Planned Benchmark Datasets

Commissions

Multi-modal time series fusion and weakly-supervised continual learning for mapping deforestation

Most systems that monitor deforestation rely on costly semi-automated procedures that require manual annotation of large volumes of data. Although satellite image sequences are massively used for automatic land use and land cover mapping, the recent machine and deep learning approaches developed for these tasks are hardly applicable to forest monitoring due to the atmospheric noise and the high variability of landscapes.

This benchmark dataset will therefore focus on deforestation applications in Brazil by investigating two tasks in two different study areas.
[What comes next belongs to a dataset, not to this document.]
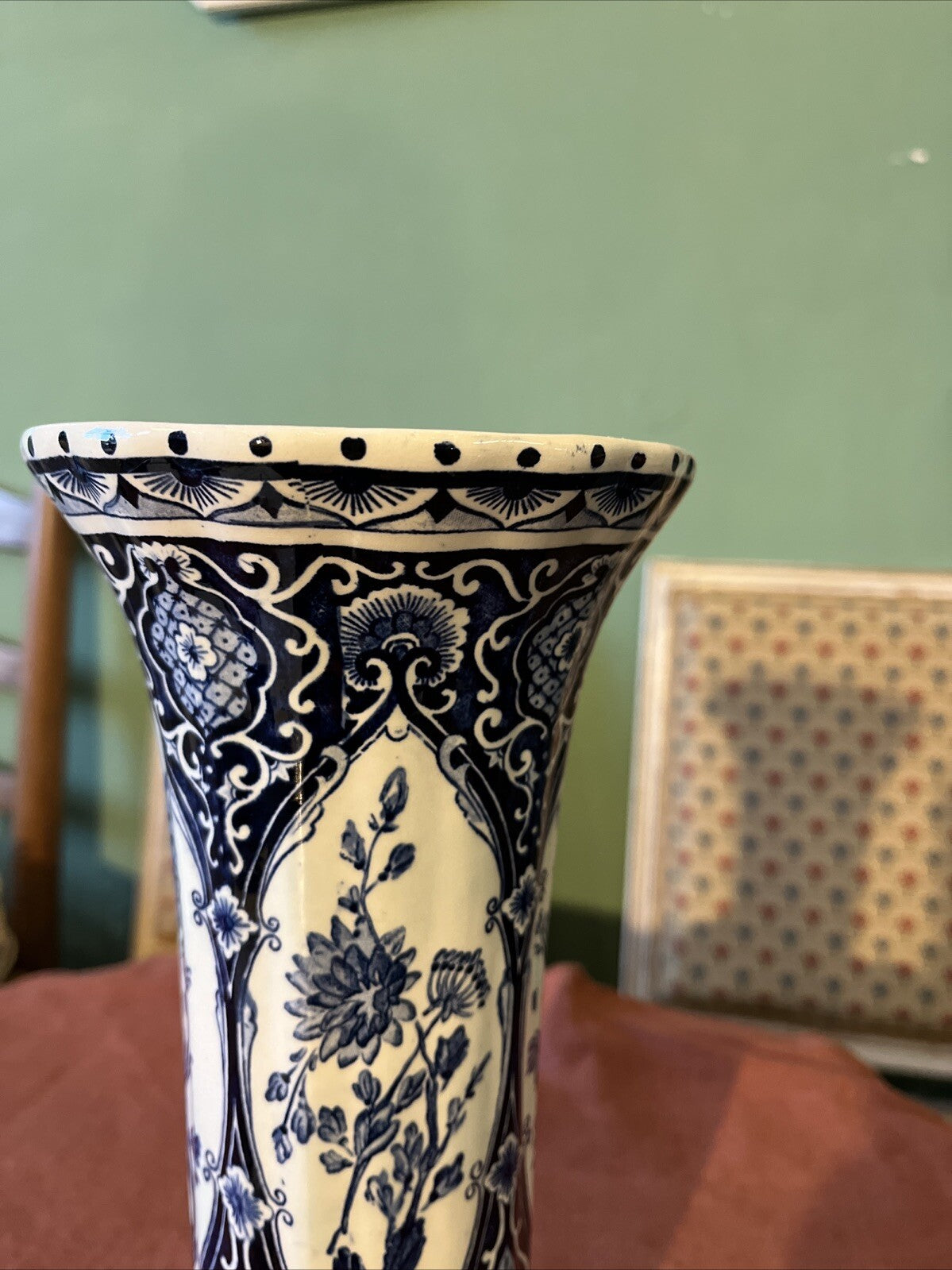 Vase Delfts Par Boch Bleu Blanc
The objective is to foster new research in machine and deep learning for forest monitoring. More specifically, we will look at multi-modal time-series data fusion (Task 1) and weakly-supervised continual learning (Task 2).

Task1: The first task will consist in detecting deforested areas in the Roraima state, Brazil. In this area, the cloud coverage is very high, which prevents the sole use of optical images. Hence, the dataset will include multi-modal time-series data from Sentinel-1, Sentinel-2 and Planet satellites. The reference data will be gathered from PRODES, which provides an annual estimation of the deforestation rate in Brazil. PRODES produces annual maps of primary forests and deforested areas. The results of baseline models (e.g., temporal convolutional neural network or Transformers-based architectures) will be provided.

Task2: The second task will consist in detecting deforestation events in the Mato Grosso state, Brazil. For this task, only weak annotations extracted from DETER, an alert monitoring system, will be available. DETER provides the acquisition date at which a deforestation event has been visually identified by annotators on an optical satellite image. However, the actual deforestation event might have occurred a few days before this date. The objective of the task will be to retrieve the exact starting date of the deforestation event from a stream of daily Planet images.

Other datasets proposed by the WG members

[released] Online Lidar segmentation

HelixNet is the largest dataset of point clouds time sequences (70% larger than KITTI). Each point is annotated with its semantic label and unique sensor information (sensor position and rotation, packet release time, etc) allowing for the precise measurements of the real-time readiness of semantic segmentation algorithms. The dataset will be presented in an ECCV2022 article, and has already been released on Zenodo in open access.

[planned] 3D moving pedestrian detection and tracking

Most current 3D multiple object tracking (MOT) benchmarks focus on traffic scenes (e.g. KITTI, NuScene), in which pedestrian movement is not well represented. In the meantime, pedestrian detection and tracking in a dense crowd have been heavily investigated from CCTV images/videos. In contrast to images, this benchmark will focus on people detection and tracking in dense crowds from 3D point clouds.